> **Extracted records**
══════════════════════════════
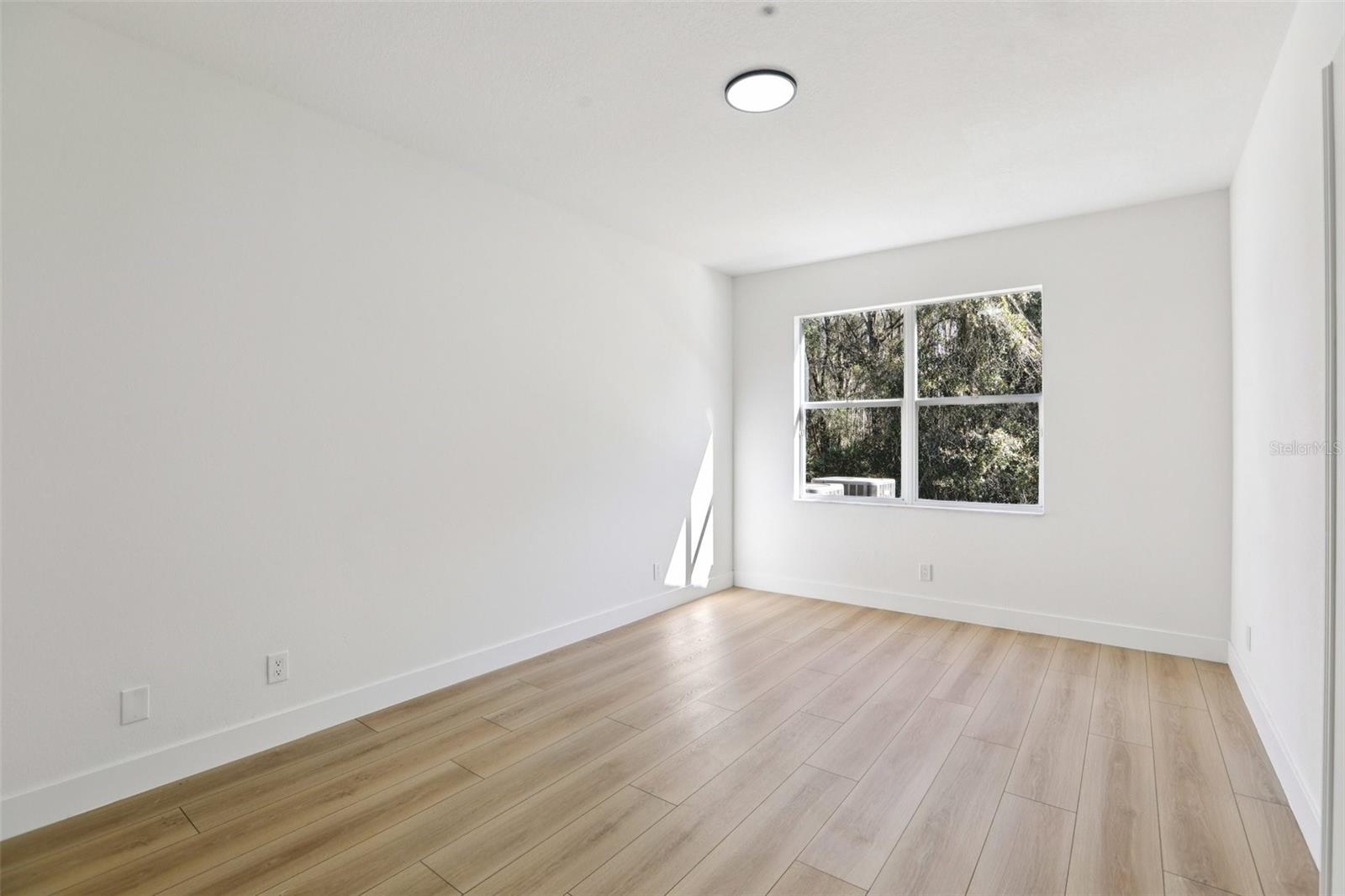 1st Floor Bedroom/Office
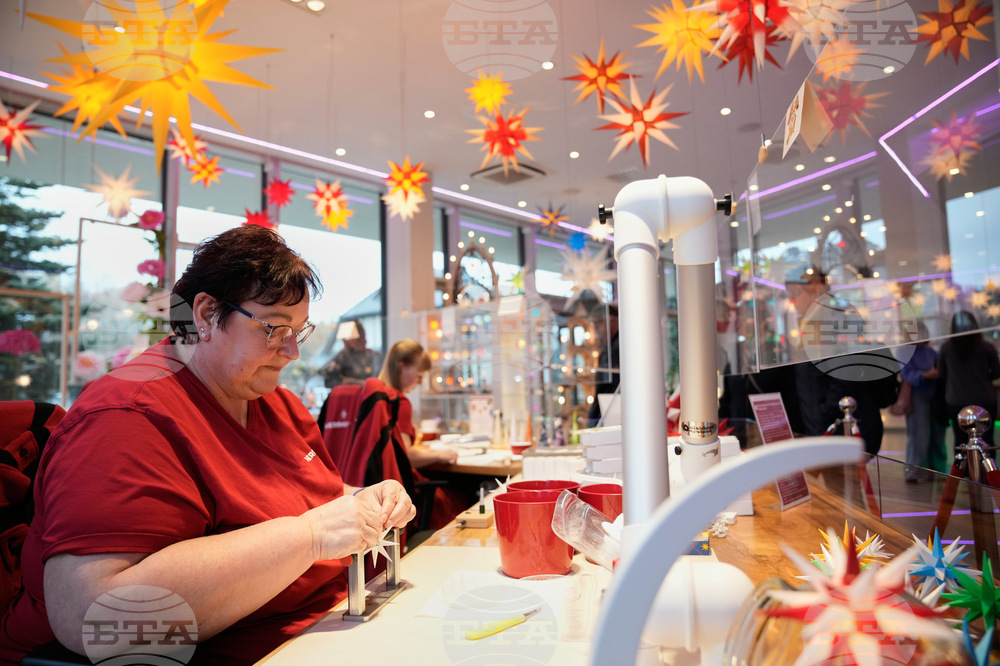 Промишлената активност в еврозоната приключва 2025 г. с по-дълбок спад, докато в Азия се отчита подобрение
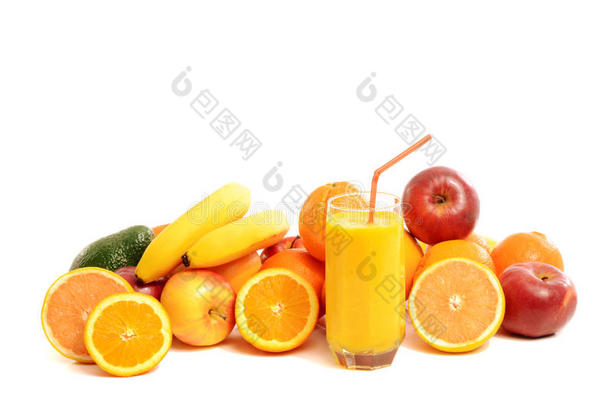 一堆水果和一杯新鲜橙汁。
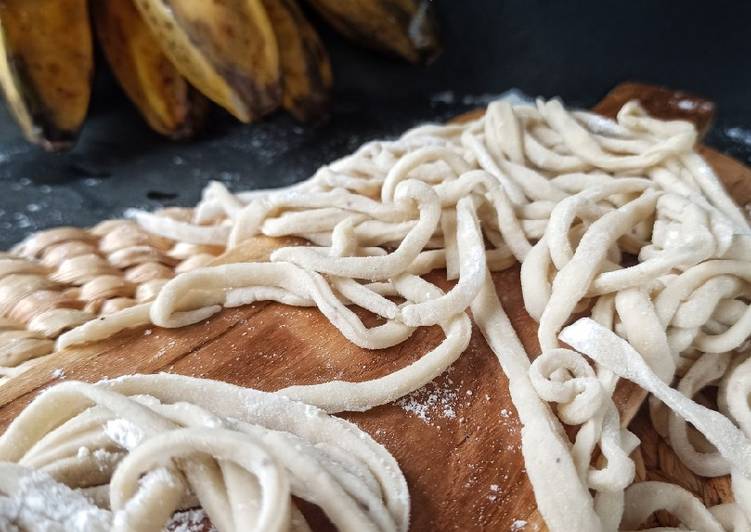 370. Homemade Banana Noodles (Eggless & Giling Manual) 370. Homemade Banana Noodles (Eggless & Giling Manual)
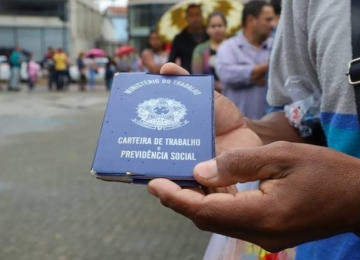 Taxa de desemprego no Brasil desponta como 4ª maior em ranking com 44 países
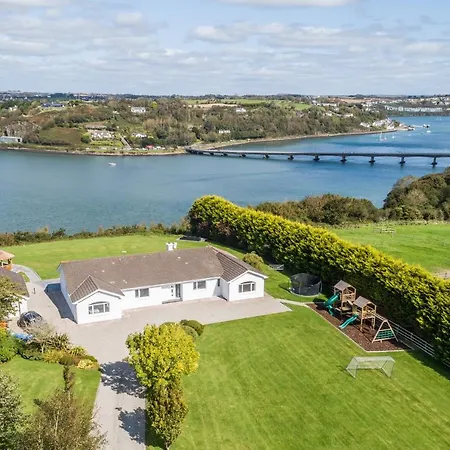 Holiday home Marina Views, Kinsale, Hosted By Exquisite Homes, Sleeps 20 Kinsale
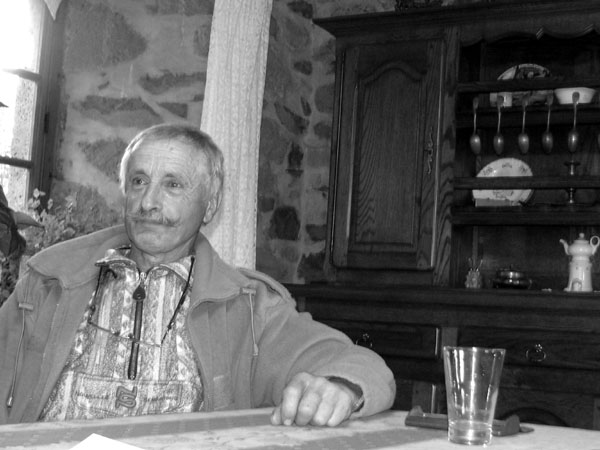 Tranche de vie au buron de Courbière (Pradiers)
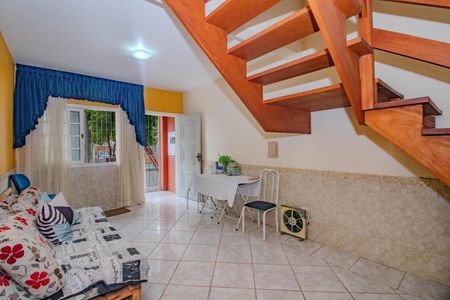 Sala de casa à venda com 3 quartos, 170m² em Floresta, Porto Alegre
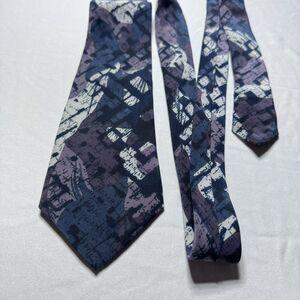 Bormio 100% Silk Mens Neck Tie Hand Made in Italy Purple Geometric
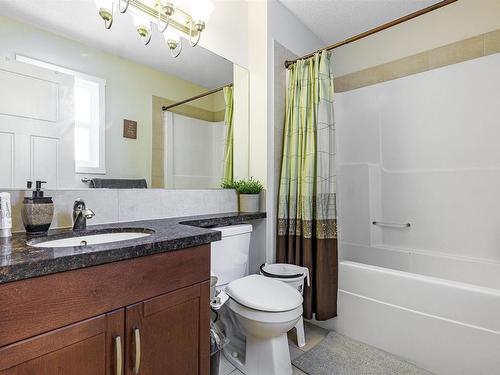 6155 11 Avenue, Edmonton, AB - Indoor Photo Showing Bathroom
══════════════════════════════
> **YOUR TASK**
Transcribe exactly the lines running from the line with "Bormio 100% Silk" to the last line of the entries. Pictures stay out of the copy.

> **SOLUTION FOR THIS EXERCISE**
 Bormio 100% Silk Mens Neck Tie Hand Made in Italy Purple Geometric
 6155 11 Avenue, Edmonton, AB - Indoor Photo Showing Bathroom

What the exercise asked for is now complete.